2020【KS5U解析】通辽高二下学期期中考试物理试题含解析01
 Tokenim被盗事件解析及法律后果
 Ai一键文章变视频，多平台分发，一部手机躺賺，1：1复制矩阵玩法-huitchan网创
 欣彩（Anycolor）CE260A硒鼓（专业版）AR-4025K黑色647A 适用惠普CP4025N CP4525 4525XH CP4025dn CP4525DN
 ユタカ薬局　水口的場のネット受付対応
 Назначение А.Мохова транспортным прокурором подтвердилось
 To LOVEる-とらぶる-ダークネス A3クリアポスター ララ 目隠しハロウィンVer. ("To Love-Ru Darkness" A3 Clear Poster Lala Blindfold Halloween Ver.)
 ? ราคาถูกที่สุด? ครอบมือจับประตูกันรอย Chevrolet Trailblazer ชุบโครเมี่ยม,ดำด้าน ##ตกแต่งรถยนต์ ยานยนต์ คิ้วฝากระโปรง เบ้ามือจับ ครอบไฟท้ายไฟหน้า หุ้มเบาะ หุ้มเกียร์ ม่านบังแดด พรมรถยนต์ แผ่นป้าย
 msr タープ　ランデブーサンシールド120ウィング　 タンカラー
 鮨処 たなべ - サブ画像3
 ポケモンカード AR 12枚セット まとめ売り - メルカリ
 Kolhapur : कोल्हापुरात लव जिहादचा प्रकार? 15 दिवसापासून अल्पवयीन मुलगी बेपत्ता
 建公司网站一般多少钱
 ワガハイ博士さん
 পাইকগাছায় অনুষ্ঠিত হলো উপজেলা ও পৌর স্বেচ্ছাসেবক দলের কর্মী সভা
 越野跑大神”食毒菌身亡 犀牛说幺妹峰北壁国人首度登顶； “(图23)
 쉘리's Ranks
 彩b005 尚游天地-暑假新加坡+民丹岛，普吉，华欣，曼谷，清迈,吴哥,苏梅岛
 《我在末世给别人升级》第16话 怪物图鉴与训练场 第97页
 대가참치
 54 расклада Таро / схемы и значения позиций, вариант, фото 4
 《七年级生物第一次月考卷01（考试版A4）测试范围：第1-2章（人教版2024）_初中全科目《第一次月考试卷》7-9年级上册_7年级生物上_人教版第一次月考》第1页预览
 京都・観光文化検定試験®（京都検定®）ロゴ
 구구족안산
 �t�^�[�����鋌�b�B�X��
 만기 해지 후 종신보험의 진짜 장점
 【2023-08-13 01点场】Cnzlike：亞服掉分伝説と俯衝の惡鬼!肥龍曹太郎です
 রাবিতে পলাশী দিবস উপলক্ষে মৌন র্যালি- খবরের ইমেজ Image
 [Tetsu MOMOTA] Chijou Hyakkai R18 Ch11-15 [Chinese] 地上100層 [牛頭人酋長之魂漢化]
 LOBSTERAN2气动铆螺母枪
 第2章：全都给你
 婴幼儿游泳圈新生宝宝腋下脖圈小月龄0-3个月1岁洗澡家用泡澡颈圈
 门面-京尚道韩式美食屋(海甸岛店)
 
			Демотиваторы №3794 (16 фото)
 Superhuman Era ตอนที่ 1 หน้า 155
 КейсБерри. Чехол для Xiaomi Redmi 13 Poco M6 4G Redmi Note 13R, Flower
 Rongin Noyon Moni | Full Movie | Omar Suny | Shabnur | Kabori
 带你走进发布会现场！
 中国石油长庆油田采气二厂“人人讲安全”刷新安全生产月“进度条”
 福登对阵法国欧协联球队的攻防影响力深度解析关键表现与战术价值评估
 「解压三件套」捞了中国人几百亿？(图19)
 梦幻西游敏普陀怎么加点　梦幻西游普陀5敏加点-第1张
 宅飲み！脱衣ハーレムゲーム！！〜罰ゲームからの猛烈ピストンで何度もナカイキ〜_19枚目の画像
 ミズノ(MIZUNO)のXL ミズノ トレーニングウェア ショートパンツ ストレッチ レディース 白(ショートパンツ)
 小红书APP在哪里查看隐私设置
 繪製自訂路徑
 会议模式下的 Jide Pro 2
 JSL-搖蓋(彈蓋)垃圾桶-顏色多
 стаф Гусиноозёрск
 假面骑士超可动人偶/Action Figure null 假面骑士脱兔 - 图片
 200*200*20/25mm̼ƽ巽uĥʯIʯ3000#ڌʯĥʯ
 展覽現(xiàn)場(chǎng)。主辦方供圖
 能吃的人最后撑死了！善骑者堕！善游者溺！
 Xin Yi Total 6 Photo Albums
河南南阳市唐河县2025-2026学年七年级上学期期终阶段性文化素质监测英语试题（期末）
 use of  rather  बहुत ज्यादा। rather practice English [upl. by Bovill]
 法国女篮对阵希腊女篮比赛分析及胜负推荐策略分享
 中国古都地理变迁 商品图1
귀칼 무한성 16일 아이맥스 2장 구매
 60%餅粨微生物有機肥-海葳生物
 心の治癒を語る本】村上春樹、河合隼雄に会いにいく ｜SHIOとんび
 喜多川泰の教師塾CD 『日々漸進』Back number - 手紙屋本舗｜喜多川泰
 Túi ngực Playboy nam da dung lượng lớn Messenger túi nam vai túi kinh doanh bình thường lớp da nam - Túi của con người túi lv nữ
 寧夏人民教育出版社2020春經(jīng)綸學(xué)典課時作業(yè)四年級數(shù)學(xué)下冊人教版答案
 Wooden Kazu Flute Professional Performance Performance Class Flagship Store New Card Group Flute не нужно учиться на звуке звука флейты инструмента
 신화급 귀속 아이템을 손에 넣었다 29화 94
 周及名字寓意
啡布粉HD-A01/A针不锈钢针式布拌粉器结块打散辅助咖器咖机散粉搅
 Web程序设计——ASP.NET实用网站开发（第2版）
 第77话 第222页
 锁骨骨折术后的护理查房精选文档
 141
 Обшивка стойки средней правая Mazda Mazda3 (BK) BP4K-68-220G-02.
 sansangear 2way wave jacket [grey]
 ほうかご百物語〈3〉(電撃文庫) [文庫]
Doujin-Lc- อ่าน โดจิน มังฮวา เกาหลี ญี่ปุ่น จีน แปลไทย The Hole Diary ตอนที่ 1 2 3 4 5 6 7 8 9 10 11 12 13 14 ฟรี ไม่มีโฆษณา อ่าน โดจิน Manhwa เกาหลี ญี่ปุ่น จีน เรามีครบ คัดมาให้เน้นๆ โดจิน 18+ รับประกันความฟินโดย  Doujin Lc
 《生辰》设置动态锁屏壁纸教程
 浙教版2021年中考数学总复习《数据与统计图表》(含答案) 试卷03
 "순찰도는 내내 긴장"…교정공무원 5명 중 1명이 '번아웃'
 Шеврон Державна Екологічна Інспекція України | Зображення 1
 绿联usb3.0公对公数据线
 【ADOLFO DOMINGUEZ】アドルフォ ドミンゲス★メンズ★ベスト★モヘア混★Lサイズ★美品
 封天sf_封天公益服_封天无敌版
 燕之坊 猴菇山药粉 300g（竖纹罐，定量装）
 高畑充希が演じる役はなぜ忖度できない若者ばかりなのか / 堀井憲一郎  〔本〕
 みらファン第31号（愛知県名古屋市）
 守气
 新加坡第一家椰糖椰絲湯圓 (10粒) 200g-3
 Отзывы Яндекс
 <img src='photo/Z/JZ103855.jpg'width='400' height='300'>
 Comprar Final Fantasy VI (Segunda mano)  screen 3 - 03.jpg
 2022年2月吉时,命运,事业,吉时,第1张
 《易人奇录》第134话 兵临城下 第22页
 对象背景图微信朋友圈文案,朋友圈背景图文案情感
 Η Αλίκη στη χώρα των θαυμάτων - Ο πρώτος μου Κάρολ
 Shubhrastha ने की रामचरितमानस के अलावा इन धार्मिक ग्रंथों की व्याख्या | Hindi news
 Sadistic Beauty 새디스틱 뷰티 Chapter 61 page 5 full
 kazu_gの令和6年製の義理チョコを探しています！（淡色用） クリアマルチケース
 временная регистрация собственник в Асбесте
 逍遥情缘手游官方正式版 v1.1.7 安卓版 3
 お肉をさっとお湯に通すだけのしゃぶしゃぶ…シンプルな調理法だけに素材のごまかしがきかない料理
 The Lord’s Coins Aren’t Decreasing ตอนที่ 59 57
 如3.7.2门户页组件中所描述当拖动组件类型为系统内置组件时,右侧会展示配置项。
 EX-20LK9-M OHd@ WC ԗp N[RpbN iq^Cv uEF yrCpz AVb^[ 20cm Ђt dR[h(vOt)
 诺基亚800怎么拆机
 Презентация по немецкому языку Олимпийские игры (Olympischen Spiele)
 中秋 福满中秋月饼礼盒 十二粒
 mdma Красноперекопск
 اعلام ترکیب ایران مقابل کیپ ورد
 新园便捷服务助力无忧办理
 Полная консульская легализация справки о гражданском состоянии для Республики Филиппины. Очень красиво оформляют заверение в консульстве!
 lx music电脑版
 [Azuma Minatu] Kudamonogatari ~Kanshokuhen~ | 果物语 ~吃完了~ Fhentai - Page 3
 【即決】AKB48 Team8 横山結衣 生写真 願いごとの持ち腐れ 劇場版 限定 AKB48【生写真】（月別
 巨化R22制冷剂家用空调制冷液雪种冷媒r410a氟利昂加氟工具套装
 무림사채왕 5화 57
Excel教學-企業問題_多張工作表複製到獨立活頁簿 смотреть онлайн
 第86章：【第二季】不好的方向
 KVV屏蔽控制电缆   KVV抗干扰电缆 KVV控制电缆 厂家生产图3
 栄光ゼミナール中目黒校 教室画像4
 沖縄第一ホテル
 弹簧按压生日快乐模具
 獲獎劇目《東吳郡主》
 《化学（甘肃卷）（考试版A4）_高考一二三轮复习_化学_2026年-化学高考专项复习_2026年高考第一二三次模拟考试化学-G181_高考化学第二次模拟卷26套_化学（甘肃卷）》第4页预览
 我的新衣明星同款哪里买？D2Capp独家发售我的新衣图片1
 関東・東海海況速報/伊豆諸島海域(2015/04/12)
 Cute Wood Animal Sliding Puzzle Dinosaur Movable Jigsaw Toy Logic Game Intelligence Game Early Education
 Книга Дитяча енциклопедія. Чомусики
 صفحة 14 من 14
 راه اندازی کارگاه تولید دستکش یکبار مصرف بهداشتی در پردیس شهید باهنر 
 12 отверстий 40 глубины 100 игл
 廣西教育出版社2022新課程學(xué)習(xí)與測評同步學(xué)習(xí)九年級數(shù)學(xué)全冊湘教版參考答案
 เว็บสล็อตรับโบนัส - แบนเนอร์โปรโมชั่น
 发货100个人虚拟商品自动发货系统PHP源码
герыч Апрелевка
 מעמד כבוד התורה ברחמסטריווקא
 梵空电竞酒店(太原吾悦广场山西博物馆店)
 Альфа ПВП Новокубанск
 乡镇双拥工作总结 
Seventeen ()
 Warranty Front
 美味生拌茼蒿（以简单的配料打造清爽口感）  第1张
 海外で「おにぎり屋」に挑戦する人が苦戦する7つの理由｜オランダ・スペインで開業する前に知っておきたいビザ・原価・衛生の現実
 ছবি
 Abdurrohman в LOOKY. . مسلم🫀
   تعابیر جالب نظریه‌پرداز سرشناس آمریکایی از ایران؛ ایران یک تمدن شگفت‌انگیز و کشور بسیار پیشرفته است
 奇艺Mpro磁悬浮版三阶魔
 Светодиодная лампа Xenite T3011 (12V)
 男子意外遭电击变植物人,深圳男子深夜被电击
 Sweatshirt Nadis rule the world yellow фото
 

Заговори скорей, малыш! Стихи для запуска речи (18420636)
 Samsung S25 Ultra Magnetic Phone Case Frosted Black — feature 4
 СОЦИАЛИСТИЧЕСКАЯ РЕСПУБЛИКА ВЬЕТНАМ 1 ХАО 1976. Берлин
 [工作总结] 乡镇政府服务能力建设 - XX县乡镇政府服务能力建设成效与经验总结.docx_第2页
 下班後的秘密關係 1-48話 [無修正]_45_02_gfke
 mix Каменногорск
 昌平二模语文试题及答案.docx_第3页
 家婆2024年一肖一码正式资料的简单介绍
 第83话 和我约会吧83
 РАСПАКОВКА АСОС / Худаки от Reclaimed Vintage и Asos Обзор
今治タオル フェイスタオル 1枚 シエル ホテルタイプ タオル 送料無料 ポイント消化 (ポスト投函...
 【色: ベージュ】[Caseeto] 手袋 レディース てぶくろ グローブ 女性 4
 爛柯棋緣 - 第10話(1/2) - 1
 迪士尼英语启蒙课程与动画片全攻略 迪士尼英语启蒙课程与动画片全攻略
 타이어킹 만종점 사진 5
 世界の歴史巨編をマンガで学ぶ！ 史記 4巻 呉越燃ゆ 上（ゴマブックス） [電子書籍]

_Task prompt_
Your answer should consist of each line above in which "レディース" appears.

_Answer to this exercise_
 ミズノ(MIZUNO)のXL ミズノ トレーニングウェア ショートパンツ ストレッチ レディース 白(ショートパンツ)
 【色: ベージュ】[Caseeto] 手袋 レディース てぶくろ グローブ 女性 4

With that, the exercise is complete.